Step 2: Validate SQLite Version and Configuration
The behavior of FTS5 external content tables and conflict handling can vary between SQLite versions. Verify that the SQLite version in use is 3.43.0 or newer (as of 2023), as earlier versions may have undocumented constraints. Use the following command to check the version:
SELECT sqlite_version();
If using an older version, upgrade to the latest stable release to ensure compatibility with FTS5 external content table best practices.

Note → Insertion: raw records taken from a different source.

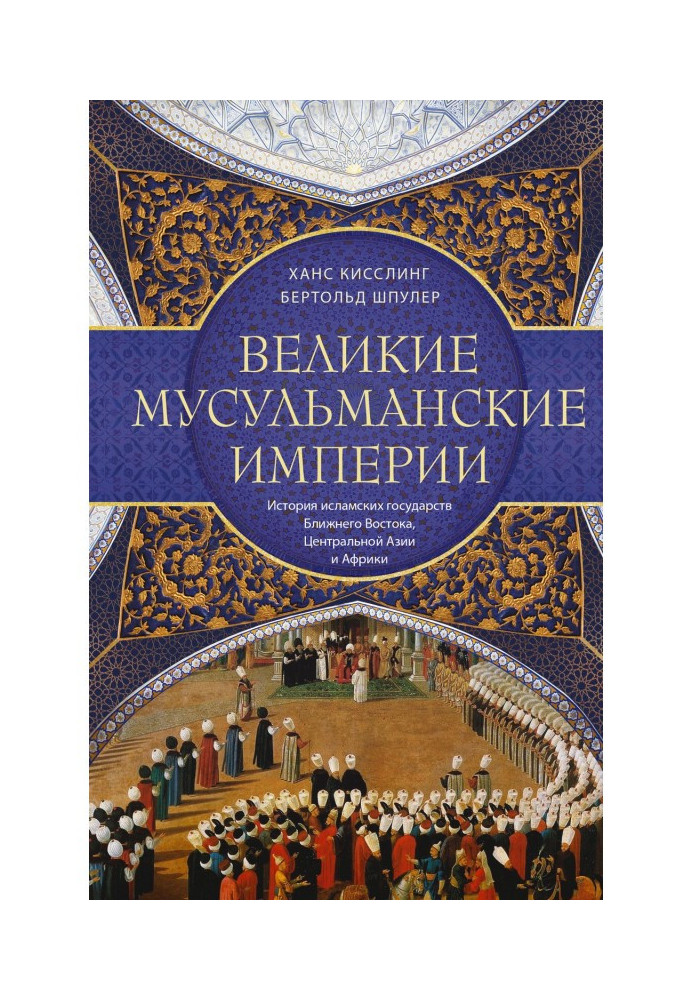 Book Great moslem empires. History of the islam states Near, Central Asia and Africa east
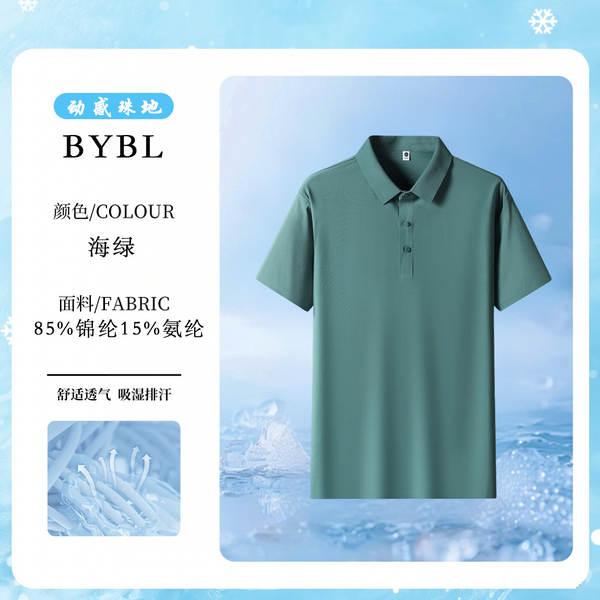 Camisa Polo Seca Rápida Masculina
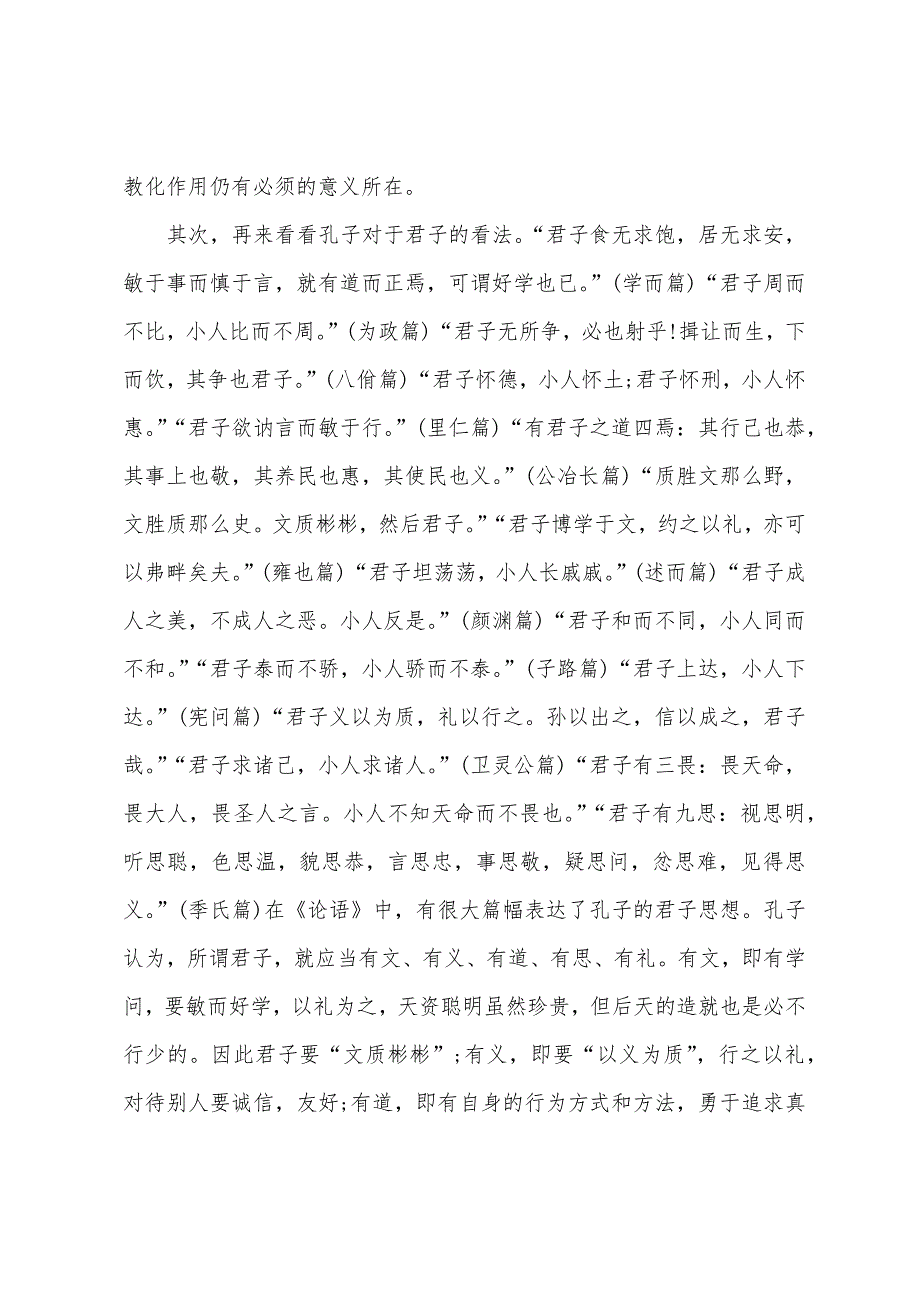 论语读后感3000字_读后感_第3页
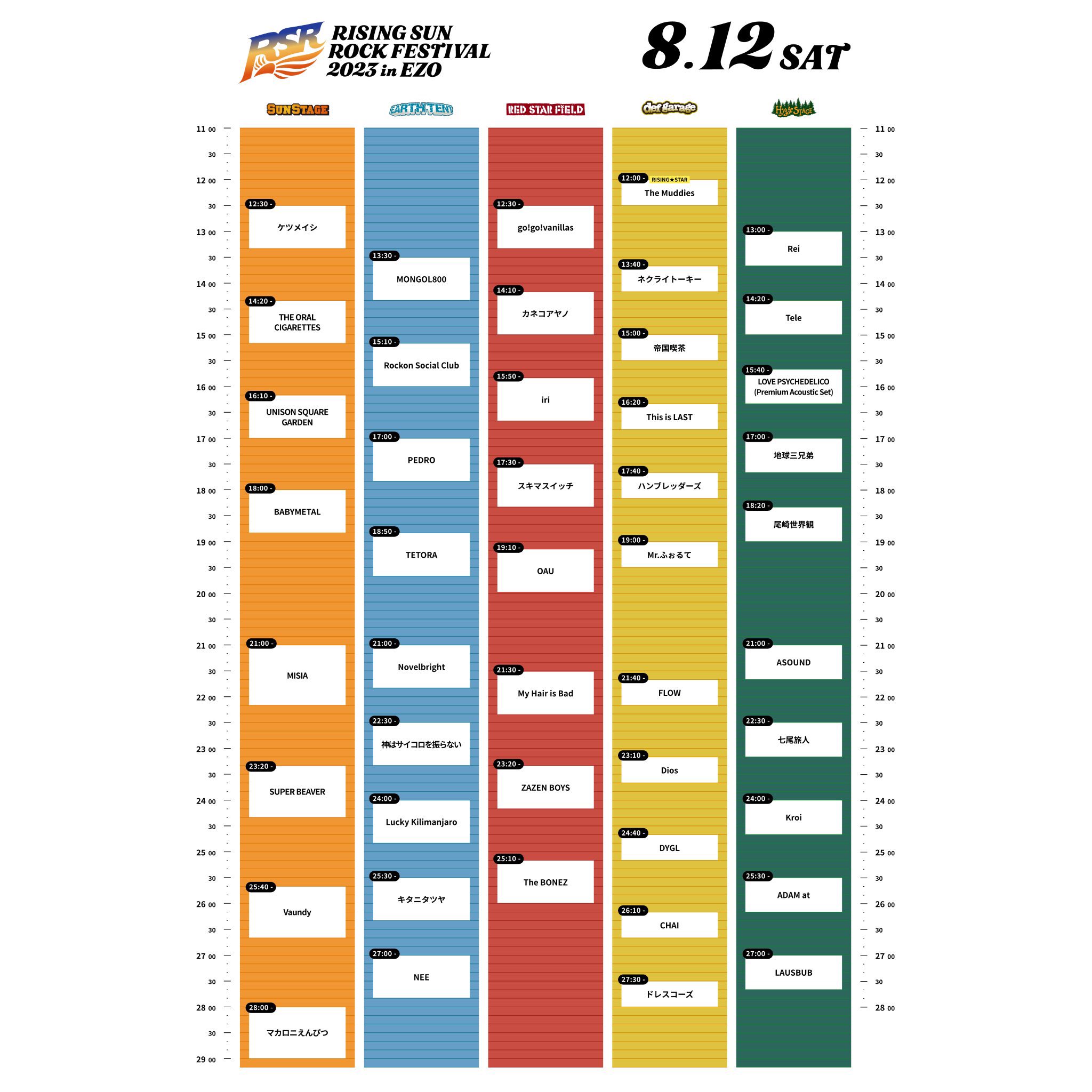 dios-on-twitter-live-rising-sun-rock-festival-2023-in-ezo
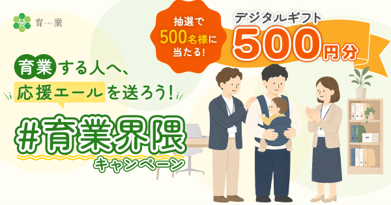#育業界隈 キャンペーン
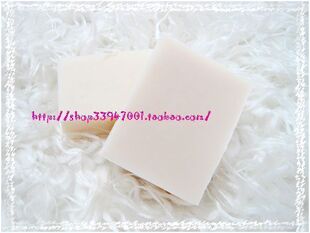DIY-手工皂-蜂蜜牛奶马赛皂 50g 美白 收缩毛孔 淡化疤痕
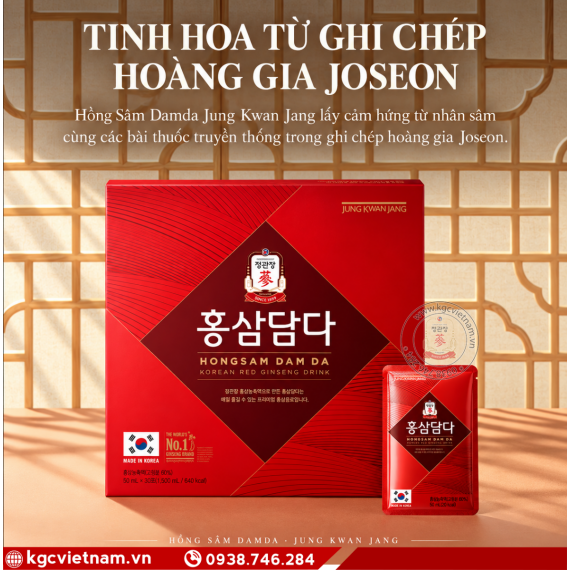Nước Hồng Sâm Dam Da KGC Jung Kwan Jang 50ml x 30 gói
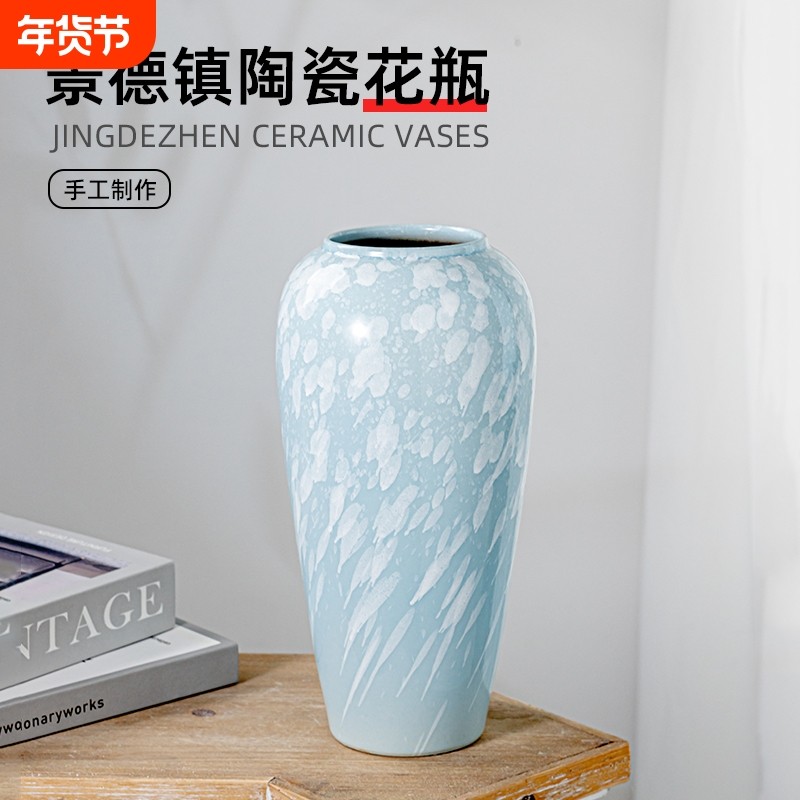 绚荷景德镇新中式禅意简约陶瓷花瓶插鲜花干花摆件玄关家居装饰品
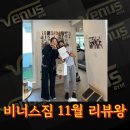 아이콘짐 휘트니스 | [부산대 여성전용 PT 비너스짐] 11월 리뷰왕 후기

Step 3: Use Proper String Literals and Syntax
While not directly causing the corruption, using double quotes for string literals ("key1"
, "value1"
) is non-standard and can lead to parsing ambiguities. Use single quotes for literals to adhere to SQL standards:
INSERT OR REPLACE INTO t(a, b) VALUES ('key1', 'value1');
Step 4: Test with a Minimal Reproducible Example
After implementing the fixes, validate the solution with a minimal test case:
-- Clean up previous objects
DROP TABLE IF EXISTS t;
DROP TABLE IF EXISTS ti;
-- Recreate tables and triggers with corrected syntax
CREATE TABLE t(a, b, PRIMARY KEY(a, b));
CREATE VIRTUAL TABLE ti USING fts5(a, b, content='t', tokenize='trigram');
CREATE TRIGGER t_after_insert AFTER INSERT ON t BEGIN
INSERT INTO ti(rowid, a, b) VALUES (new.rowid, new.a, new.b);
END;
CREATE TRIGGER t_after_delete AFTER DELETE ON t BEGIN
DELETE FROM ti WHERE rowid = old.rowid;
END;
-- Insert initial data
INSERT OR REPLACE INTO t(a, b) VALUES ('key1', 'value1');
INSERT OR REPLACE INTO t(a, b) VALUES ('key1', 'value1'); -- Triggers REPLACE
-- Query FTS5 index
SELECT * FROM ti WHERE b LIKE '%alu%';
With the AFTER DELETE
trigger in place, the second INSERT OR REPLACE
will first delete the existing row in t
, which the trigger propagates to ti
. The subsequent insert updates ti
with the new row ID, maintaining consistency.
Step 5: Monitor Transaction Boundaries and Isolation
In complex applications, ensure that operations on the content table and FTS5 index are wrapped in explicit transactions to prevent partial updates:
BEGIN;
INSERT OR REPLACE INTO t(a, b) VALUES ('key1', 'value1');
COMMIT;
This guarantees that the delete and insert operations triggered by REPLACE
are atomic, avoiding intermediate states where the FTS5 index is out of sync with the content table.
Step 6: Analyze FTS5 Integrity (Advanced)
For databases that have already encountered corruption, use the integrity-check
pragma to identify inconsistencies:
PRAGMA quick_check;
If corruption is detected, restore the database from a backup or rebuild the FTS5 index. To rebuild ti
:
-- WARNING: This will delete all data in ti
INSERT INTO ti(ti) VALUES('rebuild');
Rebuilding the FTS5 index ensures that it accurately reflects the current state of the content table.
Key Takeaways and Best Practices
Complete Trigger Coverage: Always define
AFTER DELETE
andAFTER UPDATE
triggers when using FTS5 external content tables withINSERT OR REPLACE
. This ensures that all modifications to the content table are mirrored in the FTS5 index.Conflict Handling Awareness: Recognize that
REPLACE
conflict resolution on the content table implicitly deletes rows. These deletions must be propagated to dependent structures like FTS5 indexes.Version Compatibility: Regularly update SQLite to leverage fixes and improvements in FTS5 and virtual table implementations.
Syntax Rigor: Use single quotes for string literals and validate schema definitions to avoid parser-related ambiguities.
By addressing the trigger logic gap and adhering to transactional best practices, developers can prevent malformed database errors in FTS5-backed systems.